▶ **Required action**
Repeat the listing exactly. The images do not belong in the copy.

▶ **Exercise data**

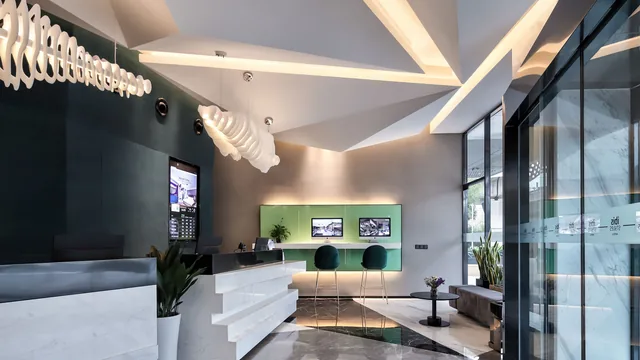 Ibis Styles Nanjing South Railway Station North Square Hotel photo 9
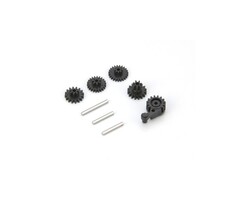 Servo Gear Set(for MR-03) MZ404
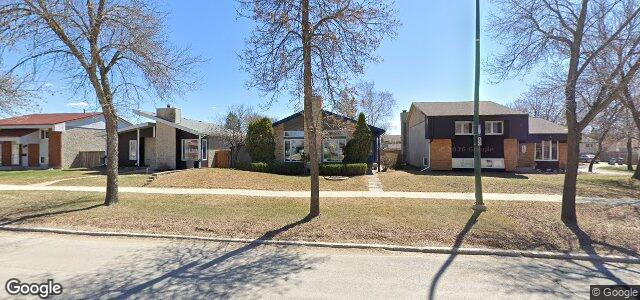 152 Paddington Road（加拿大曼尼托巴省温尼伯市）房屋照片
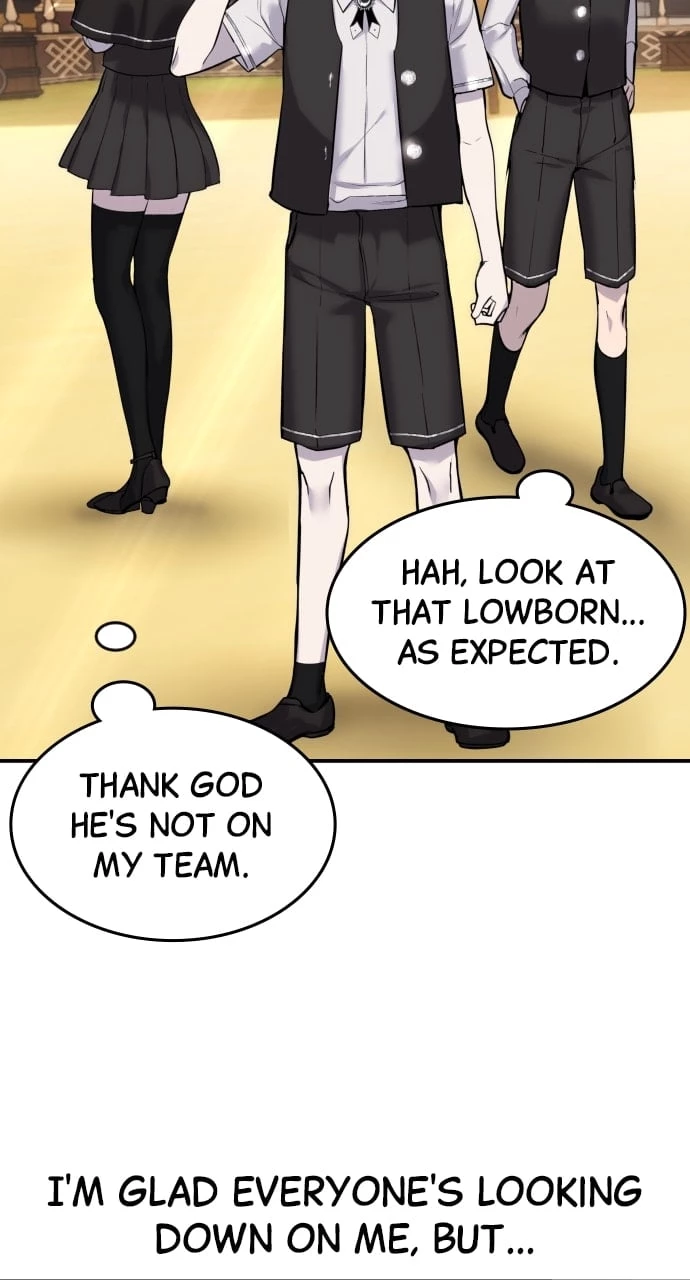 Secretly More Powerful than the Hero Chapter 3 - 39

▶ **Problem solution**
 Ibis Styles Nanjing South Railway Station North Square Hotel photo 9
 Servo Gear Set(for MR-03) MZ404
 152 Paddington Road（加拿大曼尼托巴省温尼伯市）房屋照片
 Secretly More Powerful than the Hero Chapter 3 - 39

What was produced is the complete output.